EXERCISE MATERIALS below:
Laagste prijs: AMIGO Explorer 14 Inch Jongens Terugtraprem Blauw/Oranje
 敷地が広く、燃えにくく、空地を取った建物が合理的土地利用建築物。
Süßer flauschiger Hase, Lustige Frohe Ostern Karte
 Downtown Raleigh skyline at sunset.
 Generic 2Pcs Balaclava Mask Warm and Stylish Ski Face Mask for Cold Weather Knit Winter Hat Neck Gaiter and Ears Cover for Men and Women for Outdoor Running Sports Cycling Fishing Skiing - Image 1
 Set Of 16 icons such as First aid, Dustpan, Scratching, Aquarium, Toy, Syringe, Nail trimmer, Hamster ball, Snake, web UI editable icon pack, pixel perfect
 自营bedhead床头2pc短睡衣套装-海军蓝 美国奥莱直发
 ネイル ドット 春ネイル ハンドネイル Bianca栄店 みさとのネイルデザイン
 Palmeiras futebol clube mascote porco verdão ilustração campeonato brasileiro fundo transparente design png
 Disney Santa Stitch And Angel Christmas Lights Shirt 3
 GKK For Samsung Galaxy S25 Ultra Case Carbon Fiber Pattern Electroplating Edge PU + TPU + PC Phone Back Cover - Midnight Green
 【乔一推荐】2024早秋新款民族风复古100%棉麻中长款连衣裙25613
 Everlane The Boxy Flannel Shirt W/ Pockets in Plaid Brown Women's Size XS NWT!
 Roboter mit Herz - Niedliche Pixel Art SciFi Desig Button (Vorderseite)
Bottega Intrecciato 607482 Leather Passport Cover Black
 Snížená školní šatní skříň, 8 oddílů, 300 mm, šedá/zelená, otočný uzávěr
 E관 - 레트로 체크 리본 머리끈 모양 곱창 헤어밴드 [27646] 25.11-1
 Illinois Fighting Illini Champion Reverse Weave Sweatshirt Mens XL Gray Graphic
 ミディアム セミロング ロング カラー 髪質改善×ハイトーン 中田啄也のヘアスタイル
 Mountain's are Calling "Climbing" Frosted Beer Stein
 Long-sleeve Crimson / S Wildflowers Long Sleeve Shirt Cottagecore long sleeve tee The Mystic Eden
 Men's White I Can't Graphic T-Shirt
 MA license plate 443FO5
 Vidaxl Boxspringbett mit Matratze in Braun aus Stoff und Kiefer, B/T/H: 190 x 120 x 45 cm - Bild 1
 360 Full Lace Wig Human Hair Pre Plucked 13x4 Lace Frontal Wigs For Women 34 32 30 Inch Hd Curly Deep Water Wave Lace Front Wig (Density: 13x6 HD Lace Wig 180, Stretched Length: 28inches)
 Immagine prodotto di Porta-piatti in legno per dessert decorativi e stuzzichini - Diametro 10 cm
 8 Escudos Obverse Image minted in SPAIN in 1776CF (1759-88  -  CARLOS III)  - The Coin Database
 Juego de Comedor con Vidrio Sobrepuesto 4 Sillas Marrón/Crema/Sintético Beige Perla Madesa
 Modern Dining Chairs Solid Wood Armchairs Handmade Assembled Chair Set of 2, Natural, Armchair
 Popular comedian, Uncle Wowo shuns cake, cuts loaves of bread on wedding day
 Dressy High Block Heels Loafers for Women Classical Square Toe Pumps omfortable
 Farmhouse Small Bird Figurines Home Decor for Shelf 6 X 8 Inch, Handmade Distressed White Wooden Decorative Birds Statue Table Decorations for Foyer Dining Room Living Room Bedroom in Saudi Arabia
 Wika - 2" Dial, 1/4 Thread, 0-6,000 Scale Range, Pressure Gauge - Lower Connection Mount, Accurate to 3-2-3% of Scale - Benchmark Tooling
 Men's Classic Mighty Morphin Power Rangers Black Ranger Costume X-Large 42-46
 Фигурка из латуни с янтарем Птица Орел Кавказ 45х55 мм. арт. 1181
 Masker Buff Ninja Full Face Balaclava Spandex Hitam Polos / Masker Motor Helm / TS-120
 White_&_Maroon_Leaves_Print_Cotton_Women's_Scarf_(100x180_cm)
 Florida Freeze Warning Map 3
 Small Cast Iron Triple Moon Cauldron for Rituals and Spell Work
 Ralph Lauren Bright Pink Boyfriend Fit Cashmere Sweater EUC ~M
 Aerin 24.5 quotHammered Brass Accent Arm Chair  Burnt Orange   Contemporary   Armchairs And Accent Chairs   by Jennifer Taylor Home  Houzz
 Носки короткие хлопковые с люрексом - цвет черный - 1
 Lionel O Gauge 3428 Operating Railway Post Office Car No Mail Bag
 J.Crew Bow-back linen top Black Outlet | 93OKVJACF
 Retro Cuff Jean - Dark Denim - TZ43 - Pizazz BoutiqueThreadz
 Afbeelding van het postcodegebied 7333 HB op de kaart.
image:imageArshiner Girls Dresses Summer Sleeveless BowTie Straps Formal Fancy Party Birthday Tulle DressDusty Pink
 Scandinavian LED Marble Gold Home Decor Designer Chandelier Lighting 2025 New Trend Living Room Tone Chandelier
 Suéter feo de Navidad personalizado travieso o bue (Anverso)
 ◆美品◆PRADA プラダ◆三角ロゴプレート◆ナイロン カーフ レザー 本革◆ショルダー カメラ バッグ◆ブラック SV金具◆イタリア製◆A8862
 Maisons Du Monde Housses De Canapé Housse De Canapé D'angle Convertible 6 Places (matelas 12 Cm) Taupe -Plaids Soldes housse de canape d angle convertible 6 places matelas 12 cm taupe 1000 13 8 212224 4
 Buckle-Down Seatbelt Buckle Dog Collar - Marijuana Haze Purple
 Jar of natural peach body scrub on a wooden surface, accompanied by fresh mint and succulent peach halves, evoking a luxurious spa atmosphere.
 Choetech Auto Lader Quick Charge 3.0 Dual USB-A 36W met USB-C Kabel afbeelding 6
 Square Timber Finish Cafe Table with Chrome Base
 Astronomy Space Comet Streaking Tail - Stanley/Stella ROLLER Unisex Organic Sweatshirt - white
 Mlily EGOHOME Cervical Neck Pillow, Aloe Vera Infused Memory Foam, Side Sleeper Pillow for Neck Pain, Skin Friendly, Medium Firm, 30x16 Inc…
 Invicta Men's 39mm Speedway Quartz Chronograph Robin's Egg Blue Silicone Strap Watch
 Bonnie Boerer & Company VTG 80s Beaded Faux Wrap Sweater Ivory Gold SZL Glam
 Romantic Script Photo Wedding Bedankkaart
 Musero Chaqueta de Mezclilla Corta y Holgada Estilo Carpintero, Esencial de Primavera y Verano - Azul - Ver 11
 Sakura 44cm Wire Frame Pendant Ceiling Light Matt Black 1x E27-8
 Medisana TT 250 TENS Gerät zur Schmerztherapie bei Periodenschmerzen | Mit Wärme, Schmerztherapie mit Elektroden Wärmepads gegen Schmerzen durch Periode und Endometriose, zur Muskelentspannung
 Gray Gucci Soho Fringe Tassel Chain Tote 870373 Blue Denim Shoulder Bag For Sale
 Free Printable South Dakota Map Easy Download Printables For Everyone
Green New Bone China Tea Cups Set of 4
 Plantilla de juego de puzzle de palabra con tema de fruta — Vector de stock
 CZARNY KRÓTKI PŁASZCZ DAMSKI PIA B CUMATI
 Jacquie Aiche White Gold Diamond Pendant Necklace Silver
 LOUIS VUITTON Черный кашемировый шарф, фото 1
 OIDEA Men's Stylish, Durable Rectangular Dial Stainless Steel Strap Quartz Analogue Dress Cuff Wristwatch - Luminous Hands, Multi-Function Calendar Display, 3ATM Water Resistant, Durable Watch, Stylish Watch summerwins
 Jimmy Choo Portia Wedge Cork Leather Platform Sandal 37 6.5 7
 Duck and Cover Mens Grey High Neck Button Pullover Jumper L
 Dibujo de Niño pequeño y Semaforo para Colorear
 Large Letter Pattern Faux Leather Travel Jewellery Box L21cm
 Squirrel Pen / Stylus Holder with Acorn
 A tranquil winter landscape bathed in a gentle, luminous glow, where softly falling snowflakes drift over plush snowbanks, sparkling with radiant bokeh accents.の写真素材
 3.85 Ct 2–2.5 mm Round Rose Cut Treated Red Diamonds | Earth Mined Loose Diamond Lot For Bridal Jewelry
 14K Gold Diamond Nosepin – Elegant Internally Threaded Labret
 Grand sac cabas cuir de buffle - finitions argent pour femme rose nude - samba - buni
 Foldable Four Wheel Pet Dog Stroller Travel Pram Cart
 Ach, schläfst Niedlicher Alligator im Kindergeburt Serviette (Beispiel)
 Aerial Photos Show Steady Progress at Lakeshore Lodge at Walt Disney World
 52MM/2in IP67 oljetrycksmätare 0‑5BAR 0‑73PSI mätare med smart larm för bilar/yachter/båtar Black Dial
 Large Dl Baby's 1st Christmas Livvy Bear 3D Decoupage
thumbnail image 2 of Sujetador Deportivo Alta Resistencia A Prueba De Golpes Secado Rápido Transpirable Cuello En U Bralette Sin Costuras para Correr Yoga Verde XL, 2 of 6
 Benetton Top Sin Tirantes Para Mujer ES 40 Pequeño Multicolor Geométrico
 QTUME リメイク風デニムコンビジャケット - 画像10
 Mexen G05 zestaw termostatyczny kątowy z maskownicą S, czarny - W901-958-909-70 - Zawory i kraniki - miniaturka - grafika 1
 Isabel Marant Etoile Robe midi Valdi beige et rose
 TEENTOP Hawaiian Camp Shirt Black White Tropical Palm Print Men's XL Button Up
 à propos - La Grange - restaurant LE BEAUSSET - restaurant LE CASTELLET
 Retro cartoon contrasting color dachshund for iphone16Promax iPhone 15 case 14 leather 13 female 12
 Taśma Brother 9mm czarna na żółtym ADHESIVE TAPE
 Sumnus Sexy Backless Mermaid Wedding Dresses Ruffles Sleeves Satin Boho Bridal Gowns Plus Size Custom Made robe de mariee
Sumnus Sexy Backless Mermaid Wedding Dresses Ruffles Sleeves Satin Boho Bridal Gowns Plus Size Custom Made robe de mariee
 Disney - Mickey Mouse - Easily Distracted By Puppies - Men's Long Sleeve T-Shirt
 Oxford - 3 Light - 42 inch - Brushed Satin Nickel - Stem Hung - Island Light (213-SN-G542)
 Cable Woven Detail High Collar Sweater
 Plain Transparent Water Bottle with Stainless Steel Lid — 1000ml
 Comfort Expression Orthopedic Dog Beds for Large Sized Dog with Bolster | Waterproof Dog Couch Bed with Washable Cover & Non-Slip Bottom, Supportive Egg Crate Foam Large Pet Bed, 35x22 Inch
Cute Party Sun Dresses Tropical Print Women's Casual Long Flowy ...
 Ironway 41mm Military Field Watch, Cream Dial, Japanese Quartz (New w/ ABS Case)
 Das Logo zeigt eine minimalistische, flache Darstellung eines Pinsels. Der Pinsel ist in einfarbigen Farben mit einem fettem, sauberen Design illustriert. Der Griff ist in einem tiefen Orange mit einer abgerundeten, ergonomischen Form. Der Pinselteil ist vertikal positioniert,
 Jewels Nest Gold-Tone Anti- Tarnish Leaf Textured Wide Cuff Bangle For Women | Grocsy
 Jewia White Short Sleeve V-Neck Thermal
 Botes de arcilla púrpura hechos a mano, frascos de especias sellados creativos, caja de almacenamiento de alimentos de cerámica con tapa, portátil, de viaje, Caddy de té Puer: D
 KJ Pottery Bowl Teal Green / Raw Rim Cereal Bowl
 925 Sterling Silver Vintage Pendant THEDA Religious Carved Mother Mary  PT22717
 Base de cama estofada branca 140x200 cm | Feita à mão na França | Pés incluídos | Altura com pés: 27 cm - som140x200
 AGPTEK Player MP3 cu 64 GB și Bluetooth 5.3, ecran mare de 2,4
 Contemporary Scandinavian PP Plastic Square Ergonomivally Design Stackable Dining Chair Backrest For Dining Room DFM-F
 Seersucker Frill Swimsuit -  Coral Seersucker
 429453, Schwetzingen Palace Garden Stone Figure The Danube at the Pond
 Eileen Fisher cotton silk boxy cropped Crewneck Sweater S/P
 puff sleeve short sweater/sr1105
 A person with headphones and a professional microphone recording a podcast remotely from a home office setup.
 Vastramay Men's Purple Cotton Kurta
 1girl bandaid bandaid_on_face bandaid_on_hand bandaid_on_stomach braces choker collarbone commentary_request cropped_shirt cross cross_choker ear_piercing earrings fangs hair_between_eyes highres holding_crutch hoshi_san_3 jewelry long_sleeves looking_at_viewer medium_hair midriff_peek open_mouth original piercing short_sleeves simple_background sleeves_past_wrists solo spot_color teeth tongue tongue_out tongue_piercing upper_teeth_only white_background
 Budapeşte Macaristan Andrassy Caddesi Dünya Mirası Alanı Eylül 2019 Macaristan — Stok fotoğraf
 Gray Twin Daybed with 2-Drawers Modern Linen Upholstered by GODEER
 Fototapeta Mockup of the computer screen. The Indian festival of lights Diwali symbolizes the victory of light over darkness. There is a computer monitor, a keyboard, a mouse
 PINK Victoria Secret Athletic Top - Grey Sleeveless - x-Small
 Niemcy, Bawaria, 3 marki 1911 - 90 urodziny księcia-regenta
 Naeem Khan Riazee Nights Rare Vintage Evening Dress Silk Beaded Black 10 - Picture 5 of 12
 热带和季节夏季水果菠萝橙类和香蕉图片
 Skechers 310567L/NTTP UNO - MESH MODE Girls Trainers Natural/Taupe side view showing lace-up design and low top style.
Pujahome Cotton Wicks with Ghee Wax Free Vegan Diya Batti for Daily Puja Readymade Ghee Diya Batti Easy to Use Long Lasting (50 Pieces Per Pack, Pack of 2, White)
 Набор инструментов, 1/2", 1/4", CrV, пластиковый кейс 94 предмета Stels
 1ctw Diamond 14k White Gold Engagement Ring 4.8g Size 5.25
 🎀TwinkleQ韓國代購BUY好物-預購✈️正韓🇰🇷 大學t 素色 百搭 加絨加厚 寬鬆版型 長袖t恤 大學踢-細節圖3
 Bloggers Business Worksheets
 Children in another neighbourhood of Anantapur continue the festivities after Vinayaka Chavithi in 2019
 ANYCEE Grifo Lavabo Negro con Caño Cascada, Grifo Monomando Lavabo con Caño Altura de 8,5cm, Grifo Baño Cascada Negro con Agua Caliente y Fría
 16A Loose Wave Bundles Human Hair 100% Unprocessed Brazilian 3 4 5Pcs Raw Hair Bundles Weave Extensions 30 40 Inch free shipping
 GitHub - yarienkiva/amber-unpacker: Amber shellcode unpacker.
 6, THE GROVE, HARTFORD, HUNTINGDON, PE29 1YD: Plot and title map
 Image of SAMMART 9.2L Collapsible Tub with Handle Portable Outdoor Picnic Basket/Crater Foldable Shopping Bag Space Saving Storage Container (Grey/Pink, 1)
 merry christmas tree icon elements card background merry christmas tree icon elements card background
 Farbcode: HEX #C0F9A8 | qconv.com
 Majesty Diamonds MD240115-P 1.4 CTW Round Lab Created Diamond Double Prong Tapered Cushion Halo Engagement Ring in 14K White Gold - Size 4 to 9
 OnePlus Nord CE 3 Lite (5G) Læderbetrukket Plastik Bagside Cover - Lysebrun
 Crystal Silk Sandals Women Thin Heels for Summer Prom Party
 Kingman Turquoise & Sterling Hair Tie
End of EXERCISE MATERIALS.
### EXERCISE GOAL
From the entries above, restate word for word the lines from the line containing "16A Loose Wave" to the line containing "6, THE GROVE, HARTFORD, HUNTINGDON, PE29", both ends included, and nothing more.

### RESPONSE BELOW
 16A Loose Wave Bundles Human Hair 100% Unprocessed Brazilian 3 4 5Pcs Raw Hair Bundles Weave Extensions 30 40 Inch free shipping
 GitHub - yarienkiva/amber-unpacker: Amber shellcode unpacker.
 6, THE GROVE, HARTFORD, HUNTINGDON, PE29 1YD: Plot and title map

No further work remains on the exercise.